NASA scientist to highlight Mars mission at Science Museum of Virginia virtual talk

Posted at 2:33 PM, Jul 02, 2020

RICHMOND, Va. -- A NASA scientist will provide an overview of the technological space innovations behind NASA’s upcoming Mars 2020 mission as a part of the Science Museum of Virginia virtual Lunch Break Science series.

The Science Museum will host LaNetra Tate, Ph.D., Program Executive for NASA’s Space Technology Mission Directorate (STMD).

“Our goal is to lead, motivate and inspire technology development and innovation through collaborative relationships between government, academia and commercial entities,” said Tate.

Guests will have the opportunity to ask Tate questions about her and NASA’s professional endeavors and experiences, after the hour-long Zoom presentation.

The objective of the Mars 2020 mission is to test advanced technology that could benefit human and robotic exploration and investigate any signs of ancient life on the planet.
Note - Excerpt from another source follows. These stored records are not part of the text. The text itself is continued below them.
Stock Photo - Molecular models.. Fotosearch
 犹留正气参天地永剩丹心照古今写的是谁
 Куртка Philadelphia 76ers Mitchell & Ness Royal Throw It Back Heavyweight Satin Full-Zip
The Perseverance rover, which was named after Virginia seventh-grader Alexander Mather, after winning the “Name the Rover” essay contest, will stay on the surface of Mars for about 678 earth days. The rover will collect samples to rock and soil to research and understand the geology of Mars.

The live Lunch Break Science virtual talk is Wednesday, July 8, at noon.

Space is limited for the free seminar as there are only 300 spots. The Science Museum of Virginia advises guests to register online before 10:30 a.m. on July 8.

Guests are asked to register per device access, not per person.

The Zoom link to access the program will be emailed at 11 a.m. the day of the event. The Zoom presentation will be uploaded to the museum’s YouTube page for guests who could not attend the event.